Currently, acetylcholinesterase (AChE) inhibitors are the only anti-Alzheimer drugs commercially available. Despite their wide use those drugs are all dose dependent and their effect last for no longer than two years, with several side effects. The search of novel acetylcholinesterase (AChE) inhibitors remains as the main scientific route. Here we describe the synthesis, characterization, biological activity and an NMR binding-target study of a novel cis-[Ru(Bpy)₂(EtPy)₂]²⁺, (RuEtPy), Bpy = 2,2′-bipyridine and EtPy = 4,2-Ethylamino-pyridine) as a potential AChE inhibitor. The classic Ellman's colorimetric assay suggests that the RuEtPy exhibits a high inhibitory activity, following a competitive mechanism, with a remarkable low inhibition constant (Ki ≈ 16.8 μM), together with a IC₅₀ = 39 μM. Hence, we have studied the spatial interactions for this novel candidate towards the human acetylcholinesterase (hAChE) using saturation transfer difference (STD)-NMR, in order to describe the mechanism of the interaction. NMR binding-target results shows that the 4,2-Ethylamino-Pyridine group is spatially closer to hAChE surface chemical arrangement than 2,2′ bipyridine counterpart, exerting an efficient intermolecular interaction, with a low dissociation constant (K_D ≈ 55 μM), probing that 4,2-Ethylamino-pyridine motif plays a key role in the inhibitory action.

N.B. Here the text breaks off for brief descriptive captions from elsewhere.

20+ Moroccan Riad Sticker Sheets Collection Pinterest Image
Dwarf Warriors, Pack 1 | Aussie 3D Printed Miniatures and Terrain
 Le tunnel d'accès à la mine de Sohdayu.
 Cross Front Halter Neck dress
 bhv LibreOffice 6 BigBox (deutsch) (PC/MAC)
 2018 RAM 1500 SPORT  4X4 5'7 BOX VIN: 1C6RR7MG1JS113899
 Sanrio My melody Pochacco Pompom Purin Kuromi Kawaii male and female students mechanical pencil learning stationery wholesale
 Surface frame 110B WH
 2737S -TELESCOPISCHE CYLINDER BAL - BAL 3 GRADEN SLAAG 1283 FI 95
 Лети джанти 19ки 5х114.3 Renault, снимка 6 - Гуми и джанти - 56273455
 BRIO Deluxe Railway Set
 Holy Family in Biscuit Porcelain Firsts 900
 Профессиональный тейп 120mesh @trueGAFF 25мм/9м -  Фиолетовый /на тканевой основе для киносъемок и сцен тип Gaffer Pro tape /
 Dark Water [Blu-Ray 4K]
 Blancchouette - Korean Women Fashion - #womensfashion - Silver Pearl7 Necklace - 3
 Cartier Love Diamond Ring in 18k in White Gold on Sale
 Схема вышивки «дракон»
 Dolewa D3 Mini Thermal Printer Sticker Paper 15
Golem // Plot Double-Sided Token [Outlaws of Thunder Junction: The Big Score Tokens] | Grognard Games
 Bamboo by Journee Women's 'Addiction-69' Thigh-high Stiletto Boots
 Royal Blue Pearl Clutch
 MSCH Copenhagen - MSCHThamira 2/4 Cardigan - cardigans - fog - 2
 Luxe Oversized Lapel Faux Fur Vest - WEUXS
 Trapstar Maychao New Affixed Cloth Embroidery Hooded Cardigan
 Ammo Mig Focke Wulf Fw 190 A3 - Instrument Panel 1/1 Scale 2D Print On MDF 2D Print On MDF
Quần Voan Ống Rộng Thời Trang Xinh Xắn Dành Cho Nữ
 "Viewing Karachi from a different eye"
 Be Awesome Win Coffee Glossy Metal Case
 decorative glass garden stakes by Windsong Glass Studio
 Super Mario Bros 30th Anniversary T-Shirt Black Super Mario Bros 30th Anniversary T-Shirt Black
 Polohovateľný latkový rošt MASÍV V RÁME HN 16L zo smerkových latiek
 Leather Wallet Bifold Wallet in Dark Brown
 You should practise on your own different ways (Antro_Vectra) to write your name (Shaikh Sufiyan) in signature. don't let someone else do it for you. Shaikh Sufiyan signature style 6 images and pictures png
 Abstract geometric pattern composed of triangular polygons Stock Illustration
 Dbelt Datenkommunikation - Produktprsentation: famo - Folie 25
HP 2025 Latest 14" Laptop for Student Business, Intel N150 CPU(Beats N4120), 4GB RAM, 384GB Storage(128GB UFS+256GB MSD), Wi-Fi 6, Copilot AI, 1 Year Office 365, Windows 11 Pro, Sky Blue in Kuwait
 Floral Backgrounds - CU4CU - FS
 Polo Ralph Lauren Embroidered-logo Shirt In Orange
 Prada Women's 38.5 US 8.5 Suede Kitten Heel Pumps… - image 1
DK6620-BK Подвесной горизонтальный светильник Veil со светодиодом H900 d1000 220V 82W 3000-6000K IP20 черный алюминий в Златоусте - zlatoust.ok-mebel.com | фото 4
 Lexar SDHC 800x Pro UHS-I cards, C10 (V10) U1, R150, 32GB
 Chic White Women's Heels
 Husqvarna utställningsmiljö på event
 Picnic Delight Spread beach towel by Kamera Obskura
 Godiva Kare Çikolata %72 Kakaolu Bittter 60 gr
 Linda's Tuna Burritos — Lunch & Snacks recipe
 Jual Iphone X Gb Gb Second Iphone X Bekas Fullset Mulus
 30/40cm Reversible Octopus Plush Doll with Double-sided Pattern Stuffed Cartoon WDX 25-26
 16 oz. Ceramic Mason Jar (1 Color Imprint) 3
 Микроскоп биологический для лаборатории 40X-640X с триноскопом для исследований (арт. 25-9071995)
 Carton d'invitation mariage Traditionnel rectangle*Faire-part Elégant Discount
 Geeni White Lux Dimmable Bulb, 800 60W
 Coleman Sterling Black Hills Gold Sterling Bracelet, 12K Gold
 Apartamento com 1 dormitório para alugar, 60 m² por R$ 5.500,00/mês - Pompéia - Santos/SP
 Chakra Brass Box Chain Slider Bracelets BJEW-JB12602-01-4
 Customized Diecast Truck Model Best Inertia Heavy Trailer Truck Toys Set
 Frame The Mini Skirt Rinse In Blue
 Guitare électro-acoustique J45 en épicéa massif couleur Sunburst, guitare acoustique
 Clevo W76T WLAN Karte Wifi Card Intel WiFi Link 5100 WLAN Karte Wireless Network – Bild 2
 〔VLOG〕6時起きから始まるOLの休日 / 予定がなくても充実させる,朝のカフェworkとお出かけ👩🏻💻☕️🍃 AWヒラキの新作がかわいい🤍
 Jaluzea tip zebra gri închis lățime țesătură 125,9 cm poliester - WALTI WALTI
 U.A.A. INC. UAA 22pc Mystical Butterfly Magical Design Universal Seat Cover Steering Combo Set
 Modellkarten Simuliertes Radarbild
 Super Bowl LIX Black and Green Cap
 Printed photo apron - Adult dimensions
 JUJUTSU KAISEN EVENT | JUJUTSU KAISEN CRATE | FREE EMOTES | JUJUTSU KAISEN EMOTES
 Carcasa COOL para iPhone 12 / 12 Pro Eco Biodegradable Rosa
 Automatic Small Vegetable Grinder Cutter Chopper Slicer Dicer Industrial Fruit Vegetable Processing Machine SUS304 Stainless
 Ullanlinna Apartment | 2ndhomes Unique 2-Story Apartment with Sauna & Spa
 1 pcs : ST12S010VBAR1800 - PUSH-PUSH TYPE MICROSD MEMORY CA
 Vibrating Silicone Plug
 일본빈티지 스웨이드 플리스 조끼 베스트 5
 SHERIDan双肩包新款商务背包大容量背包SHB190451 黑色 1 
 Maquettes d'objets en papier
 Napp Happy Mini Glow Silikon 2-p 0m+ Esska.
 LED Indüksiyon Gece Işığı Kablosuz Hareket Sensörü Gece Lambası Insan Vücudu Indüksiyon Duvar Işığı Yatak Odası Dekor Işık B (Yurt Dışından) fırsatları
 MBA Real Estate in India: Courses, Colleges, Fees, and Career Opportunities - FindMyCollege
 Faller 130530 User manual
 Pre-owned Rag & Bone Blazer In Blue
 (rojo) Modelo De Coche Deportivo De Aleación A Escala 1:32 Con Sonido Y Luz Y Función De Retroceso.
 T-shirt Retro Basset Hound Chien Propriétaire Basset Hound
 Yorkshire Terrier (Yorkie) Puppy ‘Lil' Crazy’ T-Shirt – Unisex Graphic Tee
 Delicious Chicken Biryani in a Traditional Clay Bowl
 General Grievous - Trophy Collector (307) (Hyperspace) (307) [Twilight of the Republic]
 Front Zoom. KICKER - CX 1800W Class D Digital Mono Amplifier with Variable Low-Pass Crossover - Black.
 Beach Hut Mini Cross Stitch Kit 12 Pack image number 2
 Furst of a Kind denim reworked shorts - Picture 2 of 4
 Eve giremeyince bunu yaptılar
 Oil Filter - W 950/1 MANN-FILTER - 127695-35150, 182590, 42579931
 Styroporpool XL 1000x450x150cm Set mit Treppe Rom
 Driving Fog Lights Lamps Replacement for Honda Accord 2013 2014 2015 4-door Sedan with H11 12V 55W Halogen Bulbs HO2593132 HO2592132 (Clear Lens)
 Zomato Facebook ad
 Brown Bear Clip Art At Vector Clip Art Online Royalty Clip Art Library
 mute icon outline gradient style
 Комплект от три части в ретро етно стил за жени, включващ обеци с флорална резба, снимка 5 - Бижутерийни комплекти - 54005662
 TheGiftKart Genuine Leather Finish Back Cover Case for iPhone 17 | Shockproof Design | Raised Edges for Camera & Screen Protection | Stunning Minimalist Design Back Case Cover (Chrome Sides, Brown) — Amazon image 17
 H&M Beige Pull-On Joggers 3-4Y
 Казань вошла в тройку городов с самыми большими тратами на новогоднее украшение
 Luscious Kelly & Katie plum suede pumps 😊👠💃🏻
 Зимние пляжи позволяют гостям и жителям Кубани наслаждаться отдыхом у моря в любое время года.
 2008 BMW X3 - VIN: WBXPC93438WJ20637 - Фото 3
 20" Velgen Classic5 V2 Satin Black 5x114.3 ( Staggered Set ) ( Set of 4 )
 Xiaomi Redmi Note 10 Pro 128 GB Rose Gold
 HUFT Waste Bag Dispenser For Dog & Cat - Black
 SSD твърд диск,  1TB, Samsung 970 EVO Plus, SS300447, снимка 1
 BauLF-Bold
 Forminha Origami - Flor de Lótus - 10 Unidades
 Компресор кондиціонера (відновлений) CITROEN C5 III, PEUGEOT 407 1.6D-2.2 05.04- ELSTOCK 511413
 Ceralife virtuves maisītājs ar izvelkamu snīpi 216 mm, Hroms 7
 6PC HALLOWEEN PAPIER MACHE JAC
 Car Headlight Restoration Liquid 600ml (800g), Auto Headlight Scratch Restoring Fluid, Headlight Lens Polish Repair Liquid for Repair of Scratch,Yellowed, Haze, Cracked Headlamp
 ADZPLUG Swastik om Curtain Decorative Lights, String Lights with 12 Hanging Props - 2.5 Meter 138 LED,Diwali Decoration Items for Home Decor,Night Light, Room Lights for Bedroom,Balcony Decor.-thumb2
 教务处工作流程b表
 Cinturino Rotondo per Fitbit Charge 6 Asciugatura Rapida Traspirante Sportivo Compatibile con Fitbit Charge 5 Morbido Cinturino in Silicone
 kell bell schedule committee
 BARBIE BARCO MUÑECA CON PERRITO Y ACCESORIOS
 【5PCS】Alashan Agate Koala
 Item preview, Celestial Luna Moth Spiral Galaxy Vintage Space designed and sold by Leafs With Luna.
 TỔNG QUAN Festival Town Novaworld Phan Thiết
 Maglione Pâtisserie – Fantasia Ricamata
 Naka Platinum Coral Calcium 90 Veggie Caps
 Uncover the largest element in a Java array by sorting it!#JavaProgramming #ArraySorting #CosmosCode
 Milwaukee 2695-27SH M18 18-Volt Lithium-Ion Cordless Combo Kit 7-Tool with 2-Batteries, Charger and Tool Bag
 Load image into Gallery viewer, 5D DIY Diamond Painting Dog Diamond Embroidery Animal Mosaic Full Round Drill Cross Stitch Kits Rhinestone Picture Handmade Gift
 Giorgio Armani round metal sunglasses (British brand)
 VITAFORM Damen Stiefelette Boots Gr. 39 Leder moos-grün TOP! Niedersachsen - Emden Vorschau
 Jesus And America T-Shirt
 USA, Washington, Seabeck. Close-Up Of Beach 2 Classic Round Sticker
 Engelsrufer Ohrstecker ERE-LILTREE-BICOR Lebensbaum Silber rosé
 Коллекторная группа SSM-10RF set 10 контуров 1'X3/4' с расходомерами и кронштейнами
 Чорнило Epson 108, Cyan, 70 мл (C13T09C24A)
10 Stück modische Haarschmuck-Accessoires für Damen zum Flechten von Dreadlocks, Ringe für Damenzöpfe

目前，乙酰胆碱酯酶 (AChE) 抑制剂是唯一市售的抗阿尔茨海默病药物。尽管它们被广泛使用，但这些药物都是剂量依赖性的，并且它们的效果持续不超过两年，并有一些副作用。寻找新型乙酰胆碱酯酶 (AChE) 抑制剂仍然是主要的科学途径。在这里，我们描述了一种新型cis -[Ru(Bpy) ₂ (EtPy) ₂ ] ²⁺的合成、表征、生物活性和 NMR 结合靶点研究, (RuEtPy), Bpy = 2,2'-联吡啶和 EtPy = 4,2-乙基氨基-吡啶) 作为潜在的 AChE 抑制剂。经典的 Ellman 比色分析表明，RuEtPy 表现出高抑制活性，遵循竞争机制，具有显着的低抑制常数 (Ki ≈ 16.8 μM)，IC ₅₀  = 39 μM。因此，我们使用饱和转移差 (STD)-NMR 研究了这种新型候选物与人乙酰胆碱酯酶 (hAChE) 的空间相互作用，以描述相互作用的机制。核磁共振结合目标结果表明，4,2-乙氨基吡啶基团比 2,2' 联吡啶对应物在空间上更接近 hAChE 表面化学排列，发挥有效的分子间相互作用，具有低解离常数 (K _D ≈ 55 μM)，探测 4,2-乙基氨基-吡啶基序在抑制作用中起关键作用。